Shortly after this the yacht crossed the ocean, and arrived at New York about July, 6, 1891, where she was duly entered as a vessel with the collector of the port, and paid the light money levied upon her by the collector as a vessel, pursuant to Rev.Stat. § 4225. She also received from the deputy collector a certificate to her bill of sale, describing her, stating that she had been sold by Bailey to Vanderbilt, and that the latter was a citizen of the United States. This entitled her to protection as an American vessel, but did not authorize her to engage in commerce. After cruising for some time about the coast, on August 27, 1891, in obedience to instructions from the Treasury Department founded upon an opinion of the Solicitor of the Treasury that the yacht should be regarded as a dutiable importation, the collector took forcible possession of her and held her until dispossessed by the marshal under authority of the district court. On October 1st, Mr. Fassett went out of office, and was succeeded by Francis Hendricks, to whom the possession passed.
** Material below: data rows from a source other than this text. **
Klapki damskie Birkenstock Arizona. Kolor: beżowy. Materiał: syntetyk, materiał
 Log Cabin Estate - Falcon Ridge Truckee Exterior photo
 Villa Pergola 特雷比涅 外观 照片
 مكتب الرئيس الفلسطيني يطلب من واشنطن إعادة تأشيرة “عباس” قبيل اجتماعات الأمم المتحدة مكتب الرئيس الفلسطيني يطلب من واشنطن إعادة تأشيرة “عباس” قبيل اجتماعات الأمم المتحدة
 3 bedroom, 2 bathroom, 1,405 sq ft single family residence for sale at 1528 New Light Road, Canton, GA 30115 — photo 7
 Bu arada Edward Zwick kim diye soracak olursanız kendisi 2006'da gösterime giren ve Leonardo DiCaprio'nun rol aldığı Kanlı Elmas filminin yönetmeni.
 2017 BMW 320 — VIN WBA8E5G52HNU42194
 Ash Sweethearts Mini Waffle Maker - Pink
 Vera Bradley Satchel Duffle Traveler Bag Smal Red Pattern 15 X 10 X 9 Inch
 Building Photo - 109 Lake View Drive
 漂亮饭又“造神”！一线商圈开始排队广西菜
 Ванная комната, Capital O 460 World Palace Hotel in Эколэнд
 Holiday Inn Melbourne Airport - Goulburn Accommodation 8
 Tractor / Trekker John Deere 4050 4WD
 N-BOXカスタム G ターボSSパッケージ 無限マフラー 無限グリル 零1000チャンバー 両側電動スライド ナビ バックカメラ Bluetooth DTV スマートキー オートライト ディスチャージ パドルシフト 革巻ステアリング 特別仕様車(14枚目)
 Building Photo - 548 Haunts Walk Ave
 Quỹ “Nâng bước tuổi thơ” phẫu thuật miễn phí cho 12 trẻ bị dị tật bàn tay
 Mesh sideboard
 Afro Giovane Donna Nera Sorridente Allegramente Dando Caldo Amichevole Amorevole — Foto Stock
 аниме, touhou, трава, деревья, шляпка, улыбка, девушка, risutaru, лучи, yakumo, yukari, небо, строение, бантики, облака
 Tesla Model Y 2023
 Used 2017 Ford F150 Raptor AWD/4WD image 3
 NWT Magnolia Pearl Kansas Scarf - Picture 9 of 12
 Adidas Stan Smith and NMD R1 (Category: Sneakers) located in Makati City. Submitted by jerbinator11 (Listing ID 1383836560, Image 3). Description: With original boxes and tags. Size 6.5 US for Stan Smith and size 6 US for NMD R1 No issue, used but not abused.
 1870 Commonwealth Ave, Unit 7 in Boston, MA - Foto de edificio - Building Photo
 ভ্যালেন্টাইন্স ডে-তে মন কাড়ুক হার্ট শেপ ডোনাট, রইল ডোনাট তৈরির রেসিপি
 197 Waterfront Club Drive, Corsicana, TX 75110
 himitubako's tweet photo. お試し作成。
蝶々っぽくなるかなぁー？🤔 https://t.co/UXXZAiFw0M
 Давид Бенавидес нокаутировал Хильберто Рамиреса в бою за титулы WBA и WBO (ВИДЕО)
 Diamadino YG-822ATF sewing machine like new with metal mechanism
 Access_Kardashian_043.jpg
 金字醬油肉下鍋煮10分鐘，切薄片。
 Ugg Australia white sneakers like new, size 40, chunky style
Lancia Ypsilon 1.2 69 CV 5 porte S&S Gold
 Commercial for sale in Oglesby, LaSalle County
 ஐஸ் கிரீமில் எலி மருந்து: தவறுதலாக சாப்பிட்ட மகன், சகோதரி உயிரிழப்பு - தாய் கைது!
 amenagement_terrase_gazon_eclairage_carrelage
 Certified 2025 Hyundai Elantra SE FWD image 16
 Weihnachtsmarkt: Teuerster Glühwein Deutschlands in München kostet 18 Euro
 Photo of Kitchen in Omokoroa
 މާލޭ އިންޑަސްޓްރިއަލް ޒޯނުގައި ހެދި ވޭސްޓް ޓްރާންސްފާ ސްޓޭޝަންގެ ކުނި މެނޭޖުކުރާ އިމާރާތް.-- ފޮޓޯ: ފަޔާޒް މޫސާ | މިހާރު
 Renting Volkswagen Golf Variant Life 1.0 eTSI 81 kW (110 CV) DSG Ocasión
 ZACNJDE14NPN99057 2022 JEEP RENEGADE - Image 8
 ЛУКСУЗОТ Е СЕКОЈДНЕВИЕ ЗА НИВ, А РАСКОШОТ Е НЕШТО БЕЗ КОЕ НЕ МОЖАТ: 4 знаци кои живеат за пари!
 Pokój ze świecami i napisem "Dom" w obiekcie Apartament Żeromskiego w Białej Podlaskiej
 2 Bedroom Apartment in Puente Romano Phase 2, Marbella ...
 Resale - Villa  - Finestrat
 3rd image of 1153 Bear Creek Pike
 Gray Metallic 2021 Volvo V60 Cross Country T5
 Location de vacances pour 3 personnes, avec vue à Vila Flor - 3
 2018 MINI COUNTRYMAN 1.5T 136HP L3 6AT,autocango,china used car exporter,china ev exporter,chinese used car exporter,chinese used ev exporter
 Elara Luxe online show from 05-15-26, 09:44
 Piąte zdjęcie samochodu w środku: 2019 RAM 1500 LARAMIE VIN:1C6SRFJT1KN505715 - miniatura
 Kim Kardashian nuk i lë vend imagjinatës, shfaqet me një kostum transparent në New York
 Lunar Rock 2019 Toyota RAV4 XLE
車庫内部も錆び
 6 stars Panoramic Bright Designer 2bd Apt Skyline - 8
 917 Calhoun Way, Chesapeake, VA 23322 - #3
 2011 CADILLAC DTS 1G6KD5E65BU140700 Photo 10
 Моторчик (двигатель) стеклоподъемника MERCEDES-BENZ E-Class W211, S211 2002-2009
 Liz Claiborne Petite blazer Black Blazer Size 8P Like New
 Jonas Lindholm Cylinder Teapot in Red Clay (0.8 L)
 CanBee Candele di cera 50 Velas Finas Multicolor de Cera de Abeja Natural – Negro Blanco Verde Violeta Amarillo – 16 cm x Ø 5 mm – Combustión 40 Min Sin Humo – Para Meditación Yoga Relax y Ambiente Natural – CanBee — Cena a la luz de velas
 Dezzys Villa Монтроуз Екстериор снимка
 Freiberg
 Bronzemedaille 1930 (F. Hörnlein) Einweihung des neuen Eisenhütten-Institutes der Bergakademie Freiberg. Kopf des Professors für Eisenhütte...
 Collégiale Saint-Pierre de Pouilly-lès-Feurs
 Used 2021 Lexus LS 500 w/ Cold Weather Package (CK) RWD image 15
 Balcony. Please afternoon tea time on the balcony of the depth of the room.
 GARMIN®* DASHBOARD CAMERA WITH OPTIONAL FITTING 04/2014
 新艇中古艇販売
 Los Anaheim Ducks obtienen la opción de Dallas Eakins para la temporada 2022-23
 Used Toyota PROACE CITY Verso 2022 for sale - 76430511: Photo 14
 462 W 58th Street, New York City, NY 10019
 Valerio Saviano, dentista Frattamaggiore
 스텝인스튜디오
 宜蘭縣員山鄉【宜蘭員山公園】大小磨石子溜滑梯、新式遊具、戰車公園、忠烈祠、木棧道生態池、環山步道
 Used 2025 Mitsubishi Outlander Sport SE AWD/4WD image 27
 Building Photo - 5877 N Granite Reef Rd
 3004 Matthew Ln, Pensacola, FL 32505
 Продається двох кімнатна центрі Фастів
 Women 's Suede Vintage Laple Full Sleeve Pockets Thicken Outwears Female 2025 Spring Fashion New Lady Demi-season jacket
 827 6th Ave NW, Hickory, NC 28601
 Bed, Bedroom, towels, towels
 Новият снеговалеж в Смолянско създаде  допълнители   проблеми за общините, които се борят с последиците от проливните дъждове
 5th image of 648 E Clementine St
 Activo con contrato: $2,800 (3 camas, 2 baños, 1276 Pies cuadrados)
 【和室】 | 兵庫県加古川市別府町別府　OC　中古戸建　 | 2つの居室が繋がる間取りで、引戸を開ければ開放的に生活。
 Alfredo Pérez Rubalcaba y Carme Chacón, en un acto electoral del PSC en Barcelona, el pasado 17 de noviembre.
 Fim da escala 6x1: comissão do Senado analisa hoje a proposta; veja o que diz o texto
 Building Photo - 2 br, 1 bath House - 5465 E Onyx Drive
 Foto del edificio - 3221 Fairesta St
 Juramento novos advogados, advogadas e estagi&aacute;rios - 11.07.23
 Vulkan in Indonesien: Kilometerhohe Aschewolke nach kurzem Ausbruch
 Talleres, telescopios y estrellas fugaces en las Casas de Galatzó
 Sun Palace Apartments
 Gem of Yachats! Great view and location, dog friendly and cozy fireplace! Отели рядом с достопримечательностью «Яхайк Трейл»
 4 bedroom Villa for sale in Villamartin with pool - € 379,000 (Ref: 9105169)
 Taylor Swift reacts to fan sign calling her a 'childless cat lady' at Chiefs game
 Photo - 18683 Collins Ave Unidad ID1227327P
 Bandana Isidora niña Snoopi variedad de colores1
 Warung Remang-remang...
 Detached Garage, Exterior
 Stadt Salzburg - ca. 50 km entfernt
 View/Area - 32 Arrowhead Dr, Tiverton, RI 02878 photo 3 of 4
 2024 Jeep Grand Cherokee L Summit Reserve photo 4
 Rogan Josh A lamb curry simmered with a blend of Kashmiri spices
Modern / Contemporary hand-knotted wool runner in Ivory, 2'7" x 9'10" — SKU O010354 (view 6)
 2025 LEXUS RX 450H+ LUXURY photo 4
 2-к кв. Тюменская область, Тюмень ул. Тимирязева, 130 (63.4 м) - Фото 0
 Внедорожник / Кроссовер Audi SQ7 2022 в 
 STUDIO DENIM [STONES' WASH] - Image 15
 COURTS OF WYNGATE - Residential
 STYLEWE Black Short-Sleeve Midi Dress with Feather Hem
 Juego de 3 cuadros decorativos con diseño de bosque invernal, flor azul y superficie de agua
Meanwhile, on September 1, Mr. Vanderbilt filed his present libel for possession of the yacht, alleging his citizenship, the fact that the vessel was designed, intended, and constructed as a pleasure yacht only, its purchase by the libelant, as well as other facts hereinbefore set forth, and prayed for process against the vessel and for a decree awarding him possession and condemning Fassett in damages and costs. Process having been issued against the yacht, the execution thereof by the marshal was restricted by the customs officials, and it was not until an alias and pluries process had been issued that the marshal succeeded in obtaining exclusive and undisputed control of her. Fassett then applied to this Court for a writ of prohibition, which was denied. In re Fassett, 142 U. S. 479.

Answers having been filed by Mr. Fassett, as late collector and personally, and by Mr. Hendricks, as collector, praying for the dismissal of the libel and for a decree of restitution of the yacht to the collector, the cause came on for a hearing in

Page 166 U. S. 113

the district court, and resulted in a decree of restitution, 49 F. 99, a reference to a commissioner for an assessment of damages, and a subsequent decree for damages in the sum of $15,000 as demurrage for detention of the yacht from August 27th to February 3d and for other items sufficient to make up a total decree of $21,742.34.

Upon appeal to the circuit court of appeals, this decree was affirmed without an opinion, whereupon appellant applied for and was granted the present writ of certiorari.